SUPPLIED DATA:
# # #
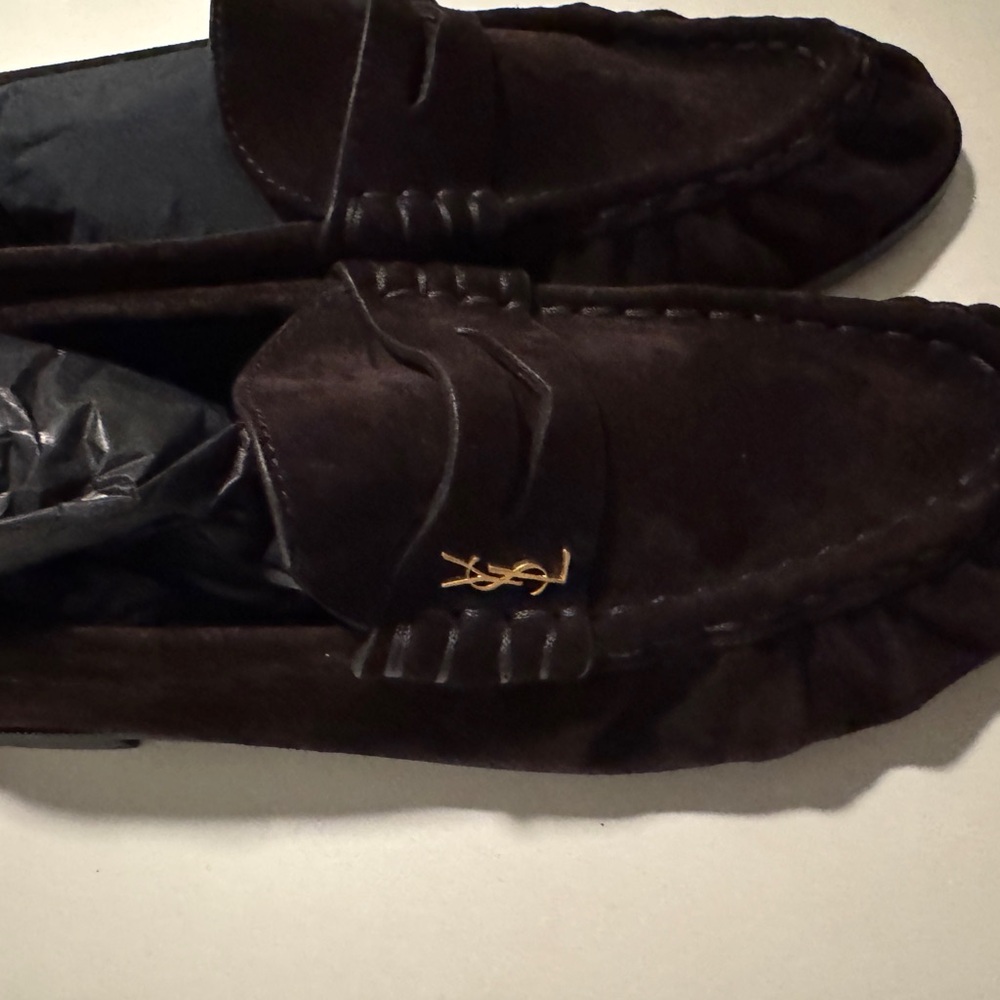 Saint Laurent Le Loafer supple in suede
# # #
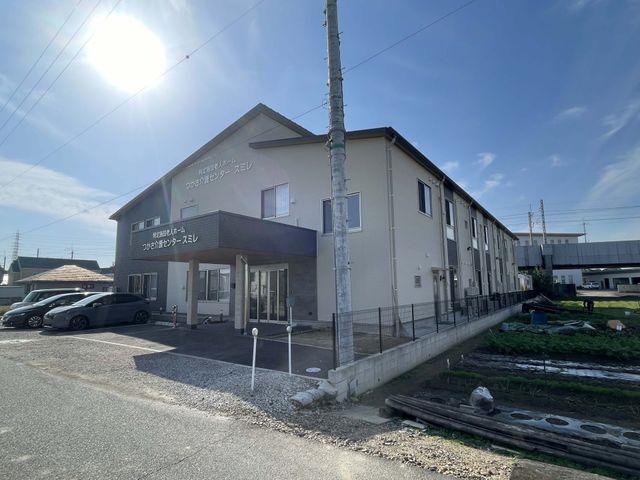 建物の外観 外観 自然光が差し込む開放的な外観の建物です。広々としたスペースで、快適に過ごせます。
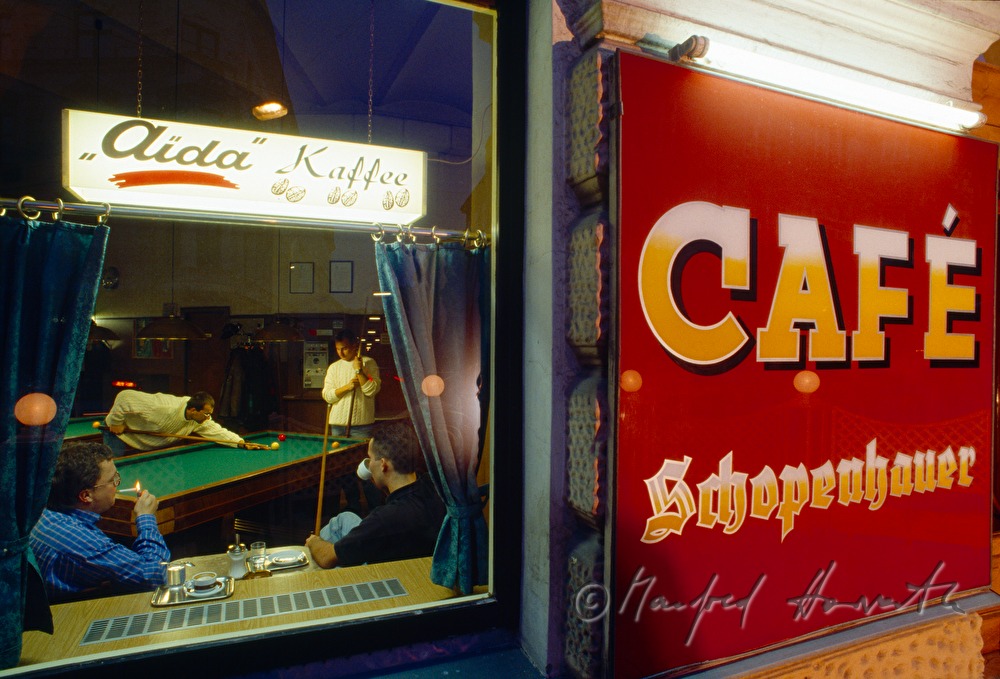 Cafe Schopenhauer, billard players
# # #
DIRECTIONS: Please copy out from the data above, without any picture, exactly the lines running from the one that holds "建物の外観 外観 自然光が差し込む開放的な外観の建物です。広々としたスペースで、快適に過ごせます。" through the one that holds "Cafe Schopenhauer, billard players", and nothing beyond them.

RESULT OF THIS TASK:
 建物の外観 外観 自然光が差し込む開放的な外観の建物です。広々としたスペースで、快適に過ごせます。
 Cafe Schopenhauer, billard players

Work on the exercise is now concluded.